TASK ITEM>
Within the records that follow, restate exactly the lines from the line with "Orange Letter N Monogram Logo Icon" down to the line with "Valentino - Sleeveless", including both. Omit the pictures.

[DATA TO USE — start]

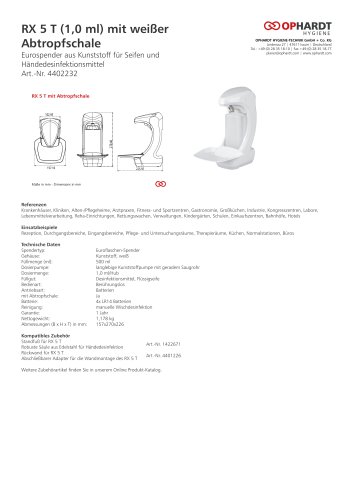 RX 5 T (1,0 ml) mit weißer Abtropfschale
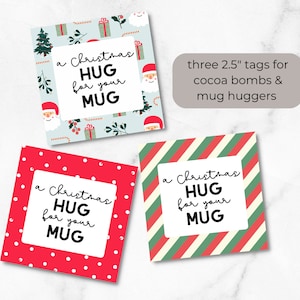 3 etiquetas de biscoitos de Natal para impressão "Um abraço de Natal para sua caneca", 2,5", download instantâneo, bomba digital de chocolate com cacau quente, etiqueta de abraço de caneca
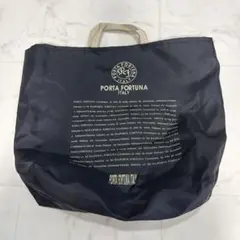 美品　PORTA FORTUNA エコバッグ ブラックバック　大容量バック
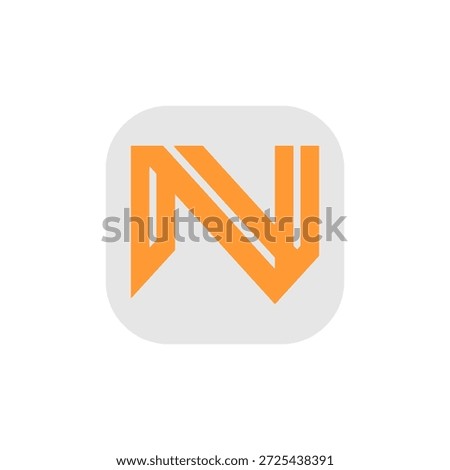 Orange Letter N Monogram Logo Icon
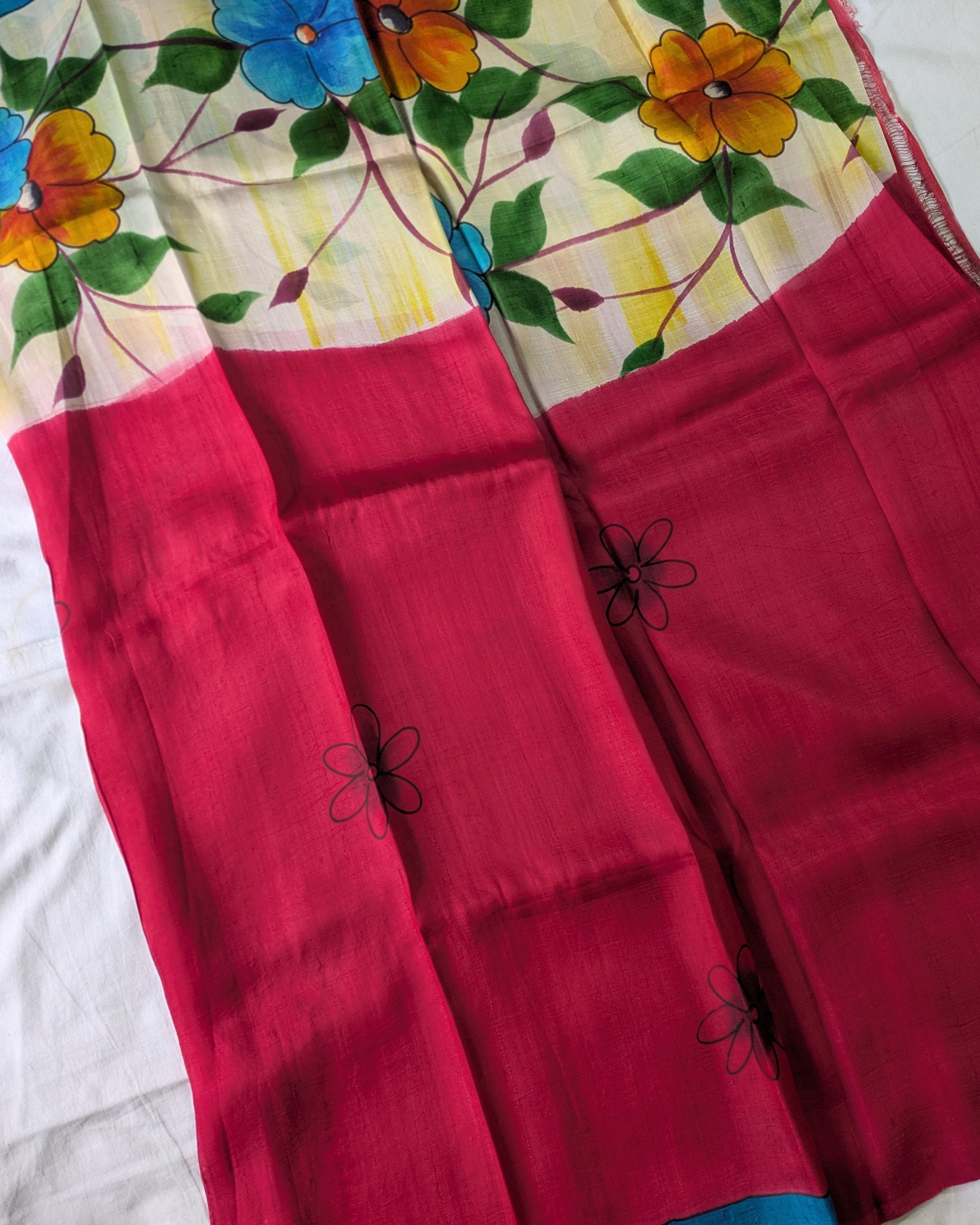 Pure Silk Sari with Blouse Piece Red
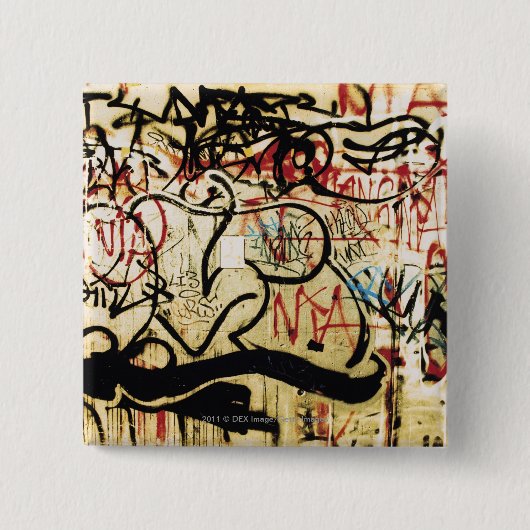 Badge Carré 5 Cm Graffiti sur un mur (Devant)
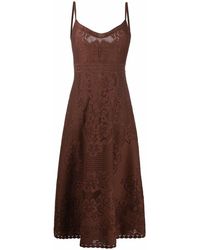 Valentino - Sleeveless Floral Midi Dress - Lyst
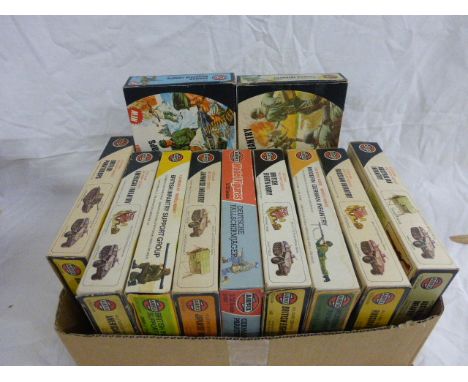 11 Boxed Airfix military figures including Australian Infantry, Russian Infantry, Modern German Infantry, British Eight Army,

[DATA TO USE — finish]

EXERCISE SOLUTION>
 Orange Letter N Monogram Logo Icon
 Pure Silk Sari with Blouse Piece Red
 Badge Carré 5 Cm Graffiti sur un mur (Devant)
 Valentino - Sleeveless Floral Midi Dress - Lyst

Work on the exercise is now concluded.